◆ Problem ◆
Set down every entry exactly as it stands, omitting any picture.

◆ Data supplied ◆
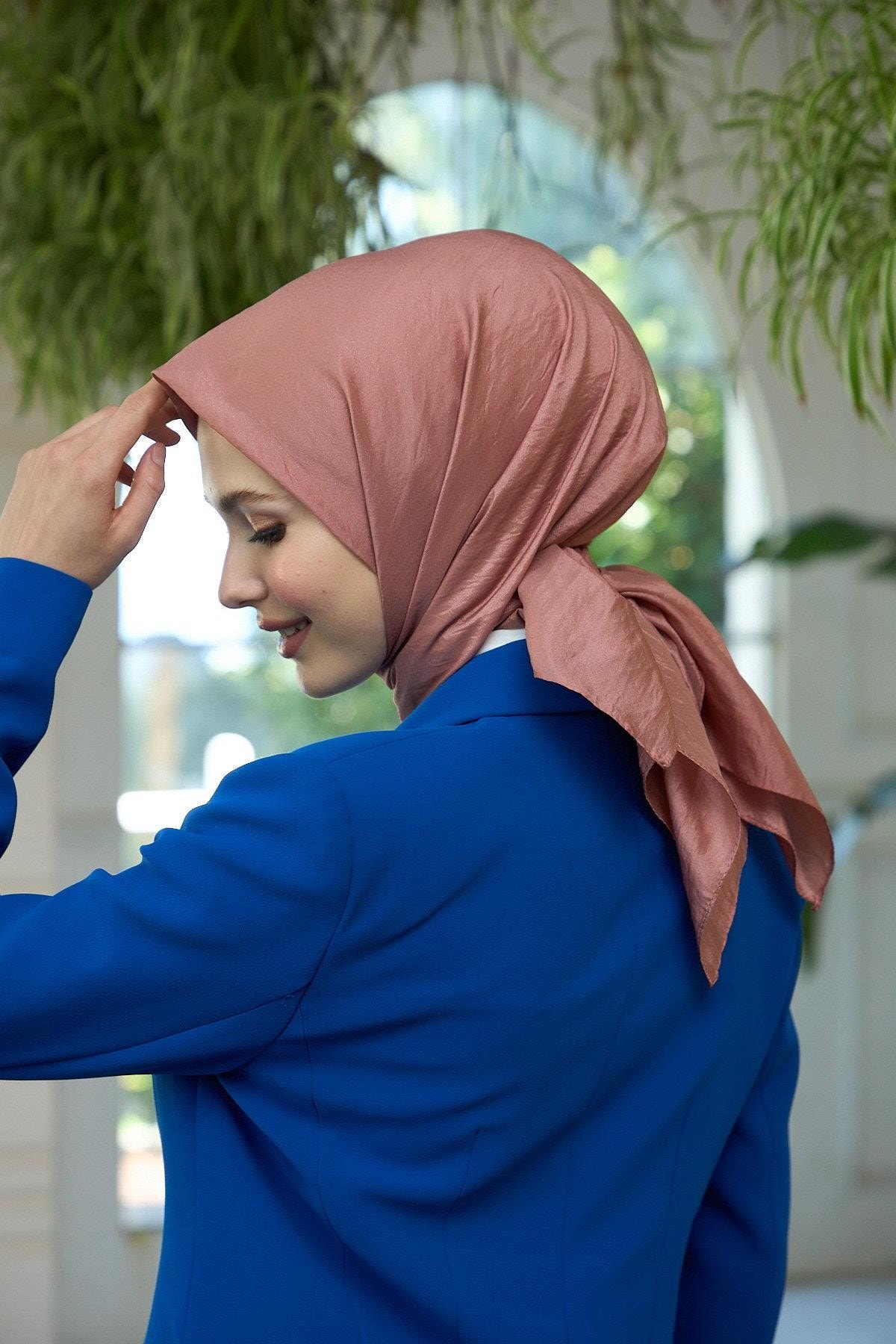 Düz Desen Vual Eşarp Açık Kahve Vual İpek Eşarp - 10100-10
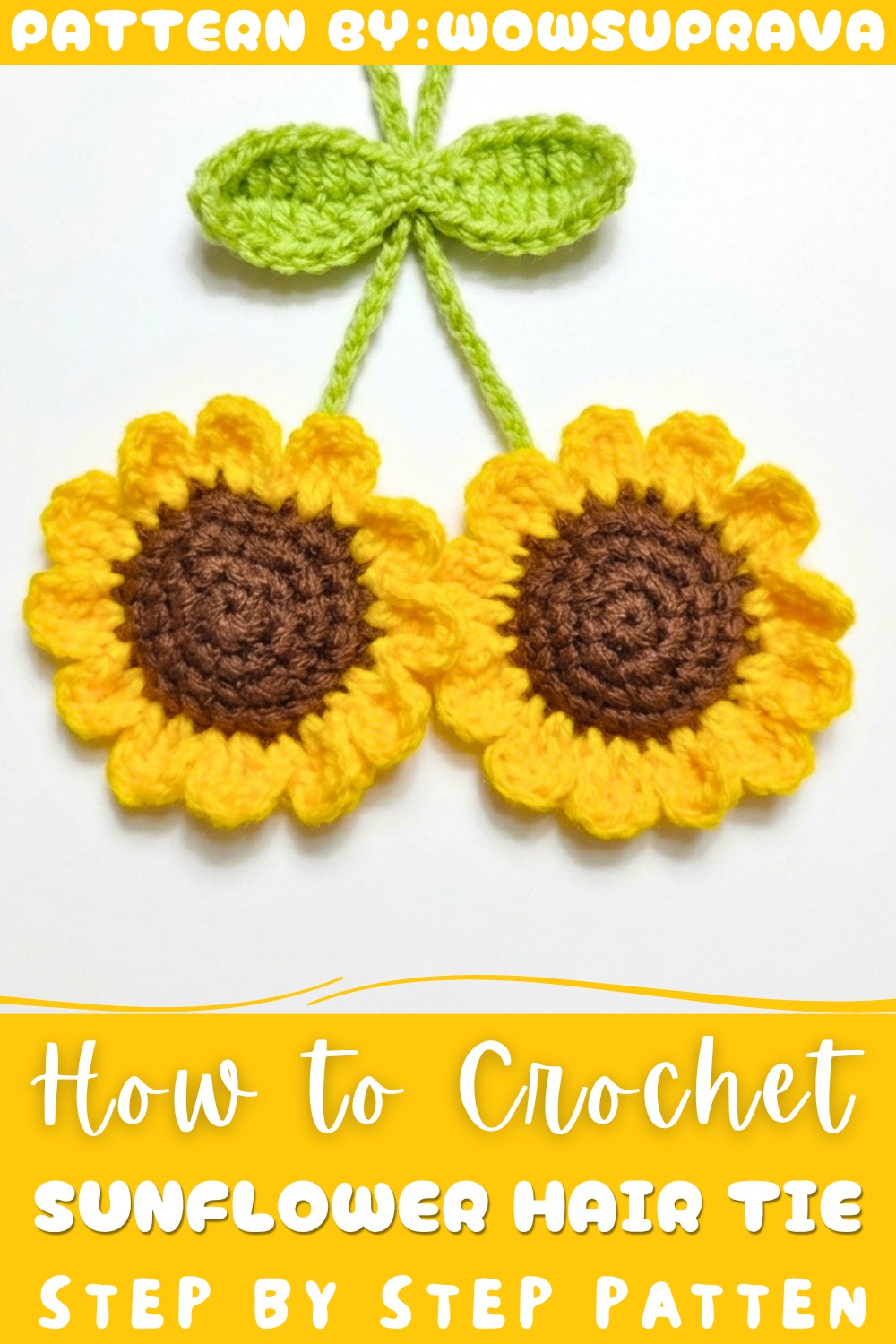 Crochet Sunflower Hair Tie Pattern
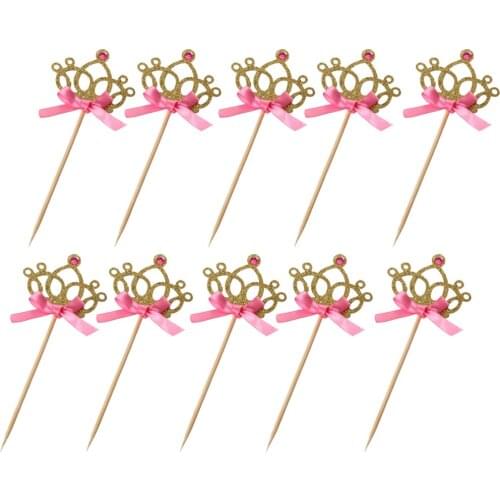 10pcs Pop Crown Cake Topper Sparkle Wedding Decor Engagement Party Supplies Gold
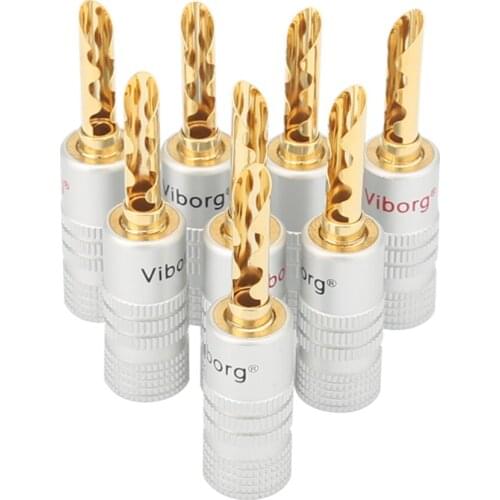 8PCS Viborg Speaker Banana plug connectors 4mm Banana Plug Connectors Adapter with heatshrink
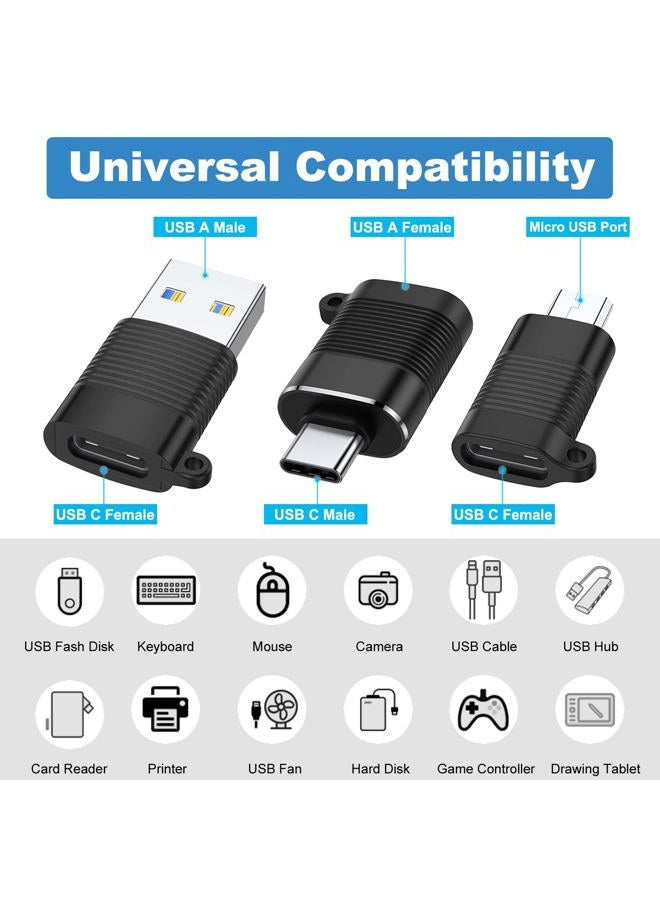 AreMe USB C Adapter (6 Pack), Micro USB Male to USB C Female, USB 3.0 Male to USB C Female, USB Type-C Male to USB 3.0 Female Converter Connector (Black) - Image 2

◆ Answer box ◆
 Düz Desen Vual Eşarp Açık Kahve Vual İpek Eşarp - 10100-10
 Crochet Sunflower Hair Tie Pattern
 10pcs Pop Crown Cake Topper Sparkle Wedding Decor Engagement Party Supplies Gold
 8PCS Viborg Speaker Banana plug connectors 4mm Banana Plug Connectors Adapter with heatshrink
 AreMe USB C Adapter (6 Pack), Micro USB Male to USB C Female, USB 3.0 Male to USB C Female, USB Type-C Male to USB 3.0 Female Converter Connector (Black) - Image 2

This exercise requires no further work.